(Stored items from a collection)

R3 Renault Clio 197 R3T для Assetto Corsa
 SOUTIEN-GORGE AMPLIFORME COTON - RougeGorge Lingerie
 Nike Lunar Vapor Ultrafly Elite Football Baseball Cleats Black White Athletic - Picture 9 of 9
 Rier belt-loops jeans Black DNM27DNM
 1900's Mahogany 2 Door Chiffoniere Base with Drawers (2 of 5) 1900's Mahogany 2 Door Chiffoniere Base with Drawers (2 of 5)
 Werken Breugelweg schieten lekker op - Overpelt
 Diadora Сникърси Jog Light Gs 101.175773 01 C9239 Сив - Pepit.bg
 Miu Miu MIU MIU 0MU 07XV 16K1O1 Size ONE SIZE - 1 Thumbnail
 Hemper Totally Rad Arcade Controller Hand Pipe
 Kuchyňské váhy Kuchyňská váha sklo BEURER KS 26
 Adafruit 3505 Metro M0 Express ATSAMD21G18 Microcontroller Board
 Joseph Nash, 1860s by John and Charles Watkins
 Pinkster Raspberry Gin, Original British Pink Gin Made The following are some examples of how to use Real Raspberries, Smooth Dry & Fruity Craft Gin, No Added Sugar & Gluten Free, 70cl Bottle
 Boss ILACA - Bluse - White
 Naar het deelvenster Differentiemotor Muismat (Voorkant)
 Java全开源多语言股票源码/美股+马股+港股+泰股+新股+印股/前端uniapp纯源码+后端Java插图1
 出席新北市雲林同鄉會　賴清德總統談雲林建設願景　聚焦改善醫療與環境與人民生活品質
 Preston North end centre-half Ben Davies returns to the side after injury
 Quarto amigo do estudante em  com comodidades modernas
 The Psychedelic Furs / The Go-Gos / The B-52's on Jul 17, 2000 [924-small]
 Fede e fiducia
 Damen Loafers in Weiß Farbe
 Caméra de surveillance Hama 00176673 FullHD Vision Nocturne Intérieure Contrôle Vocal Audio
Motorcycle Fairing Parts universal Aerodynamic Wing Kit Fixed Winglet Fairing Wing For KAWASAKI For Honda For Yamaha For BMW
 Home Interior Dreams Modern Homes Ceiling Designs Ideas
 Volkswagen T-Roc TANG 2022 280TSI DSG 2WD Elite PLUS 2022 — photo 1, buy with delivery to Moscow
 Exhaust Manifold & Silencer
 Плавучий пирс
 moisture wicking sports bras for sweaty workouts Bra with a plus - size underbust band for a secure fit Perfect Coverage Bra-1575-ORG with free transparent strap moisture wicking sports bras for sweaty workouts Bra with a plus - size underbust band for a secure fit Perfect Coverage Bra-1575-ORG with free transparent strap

• Instructions for the task: The lines above, from the first through the one containing "of 5) 1900's", must be restated word for word, with nothing added.

• Solution for this task:
R3 Renault Clio 197 R3T для Assetto Corsa
 SOUTIEN-GORGE AMPLIFORME COTON - RougeGorge Lingerie
 Nike Lunar Vapor Ultrafly Elite Football Baseball Cleats Black White Athletic - Picture 9 of 9
 Rier belt-loops jeans Black DNM27DNM
 1900's Mahogany 2 Door Chiffoniere Base with Drawers (2 of 5) 1900's Mahogany 2 Door Chiffoniere Base with Drawers (2 of 5)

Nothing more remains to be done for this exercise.